Our study reports the detection and characterization of two novel putative begomovirus species infecting M. coromandelianum plants. These results will facilitate the development of strategies for managing the spread of geminiviruses.

Methods

Plant materials

Virus isolates were collected from M. coromandelianum plant displaying yellow vein symptoms in Honghe (Y249) in 2003 and Baoshan (Y278 and Y281) in 2005, in Yunnan Province, China.

Determination of the full-length genomic sequences of viruses

Total plant DNA was extracted from leaves of naturally infected symptomatic plants as described (Zhou et al. 2001).
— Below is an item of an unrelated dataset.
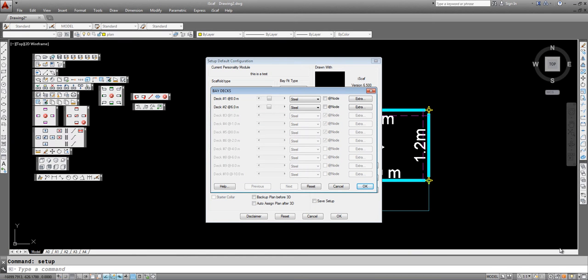This is a tutorial for iSCAV 6.7. Here is our setup where we have two decks, one at 8 meters and one at 6 meters.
Degenerate primer pair PA (5′-TAATATTACCKGWKGVCCSC-3′) and PB (5′-TGGACYTTRCAWGGBCCTTCACA-3′) was designed to amplify the DNA-A/DNA fragment that contains the partial intergenic region and CP gene. Based on the determined sequences, the primer pairs Y249F (5′-GTAACTGTCCCTACTGTCCGC-3′)/ Y249R (5′-TACACGGGTTGAGTAAGGACTG-3′) and Y278F (5′-TCAAAGCTTAAATAATTTTCCCACCG-3′)/ Y278R (5′-TTGAGTGCGTCATCTGATTGGACCAG-3′) were designed to amplify the full-length DNA-A/DNA. The PCR products were cloned into pMD18-T vector (TaKaRa, Tokyo, Japan) and the viral genome sequences were determined by Sanger sequencing.

Sequence analysis

Sequences were assembled and analyzed with SnapGene®. Domains were analyzed using the Pfam database (http://pfam.xfam.org). Transmembrane helices were predicted using TMHMM 2.0 (http://www.cbs.dtu.dk/services/TMHMM/). Sequence alignments were performed using and MUSCLE by MEGA X. Phylogenetic analyses were performed using the maximum likelihood method by MEGA X. The GenBank accession numbers of sequences analyzed in the study are listed in Additional file1: Table S1.